Por más que pretendamos prepararnos para aceptar la muerte nunca lo logramos. De nada valen admoniciones como la de Gandhi nacimiento y muerte son etapas de una misma vida ni la esperanza de resurrección en religiones monoteístas o de reencarnación o transmutación en filosofías orientales. Menos los deseos de descanso del moribundo o convencionalismos sociales.
Minutos antes expresé a su esposa dejarlo partir, como días antes advertía a sus hijos ante pronósticos médicos. Pedí para él lo que deseo para mí: liberación de tormentos ante enfermedades irremediables, olvidando efectos depuradores testimoniados por Jesús crucificado.
Nada de eso vale al momento de desprenderse hacia lo trascendental. Quizás porque brindan la ocasión de pasar páginas de convivencias que cuando son tan largas como medio siglo, obligan a ponderar las que han valido la pena y las que terminan siendo fútiles.
Eso sucedió con la muerte de Yuyo. El repaso de páginas no fue como la lectura rigurosa de un libro sino como la inserción en carpetas de hojas sueltas que finalmente se ensamblaron hasta conformar una vida coherente. Así era él.
Concuñado de hijo de Trujillo, su casa fue anfitriona de conspiración contra el régimen, renunciando a los privilegios que esa relación determinaba. Recordé sus cartas desde el exilio a los círculos de estudios de la Agrupación Católica Universitaria remitidas a través del Padre Marcial Silva sobre la fundación del Partido Revolucionario Social Cristiano que posteriormente tuvo efecto en su casa. Se alejó de la vida partidaria cuando comenzaron a surgir los conflictos propios de nuestro sectarismo vernáculo heredado del caciquismo, volcando sus inquietudes sociales en apoyo de la promoción social y desarrollo comunitario que en aquellos tiempos priorizaba la praxis socialcristiana. Por ésta razón fue designado por Balaguer en IDECOOP, posición que aprovechó para aproximarlo al socialcristianismo al coincidir su presidencia con la de Rafael Caldera en Venezuela, donde había vivido exiliado y conocido tanto a él como a Arístides Calvani, entonces canciller venezolano, a quien trajo al país precursando la fusión del reformismo- socialcristianismo.

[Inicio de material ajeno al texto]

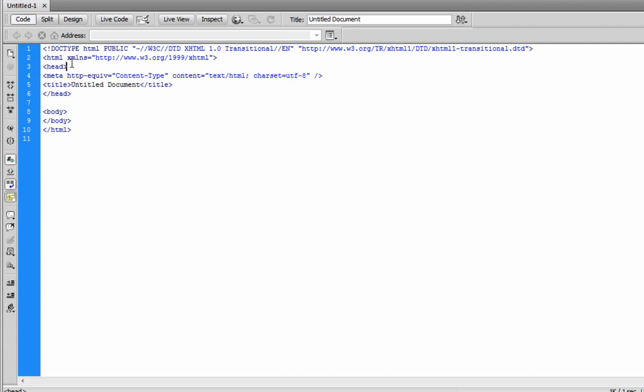This is where you keep your metadata, your style sheets, which we will get into later. We're not going to be going over those anytime soon. Your JavaScript, anything that is not seen.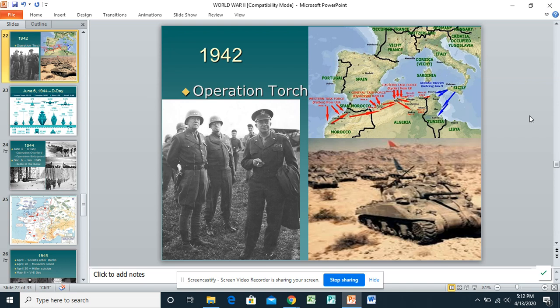In this video, since you've already done the worksheet covering all of the major Western European battles — the ones involving the United States on the Western front — I'm going to give you a quick overview of each one, and then we'll let you ask questions from there.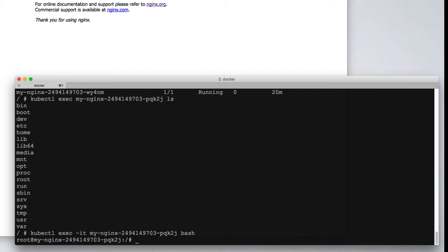At this point, we now are connected to a running container inside of our deployment. But note that we're only connected to one of the pods.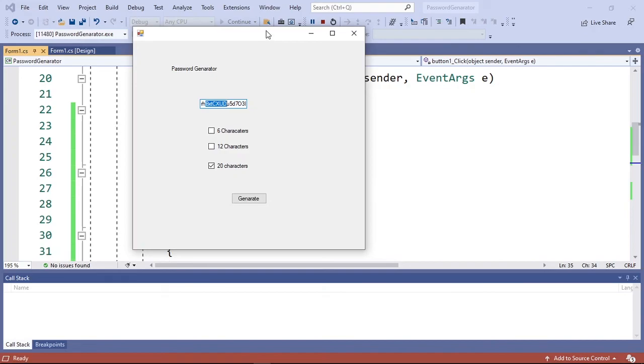So now we have made a random password generator using C#. If you enjoyed this tutorial, make sure you like and subscribe to my channel, and I'll see you next time.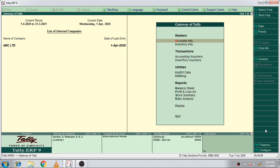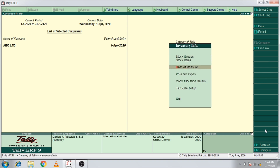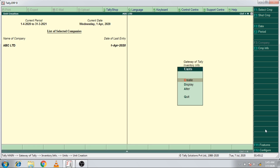If you want to create a new class, you can select the Inventory Info, and you can select the Unity of Measures. Then you can select the Create option.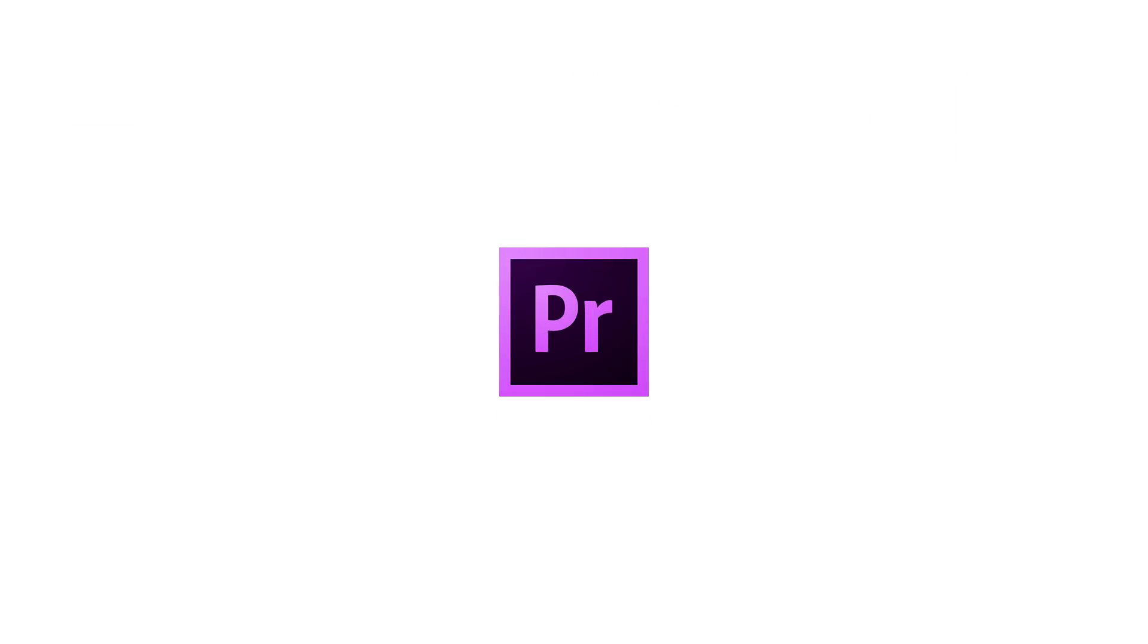By definition, Premiere Pro is a non-linear editing system. It works across many other Adobe applications, such as After Effects for compositing, or as many people like to say, for special effects.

Estas relaciones acreditaron su designación como embajador en Venezuela. Siguió la carrera diplomática obteniendo recursos importantes para nuestro desarrollo, aprovechando sus vínculos con la internacional democristiana. Siendo ministro de Industria y Comercio prohijó reformas a la ley minera aprovechando experiencias chilenas.
Inquieto pero desprendido. Arrojado pero conciliador, tanto que contemporizaba con todos: cercano de Balaguer, protegió a opositores de herederos de la barbarie como reconoció Peña Gómez cuando fuimos a expresarle nuestra solidaridad tras los comicios del 1966. Presuponía discrepancias anticipadas para viabilizar amistad y solidaridad.
Un espíritu escaso que merece resucitarse.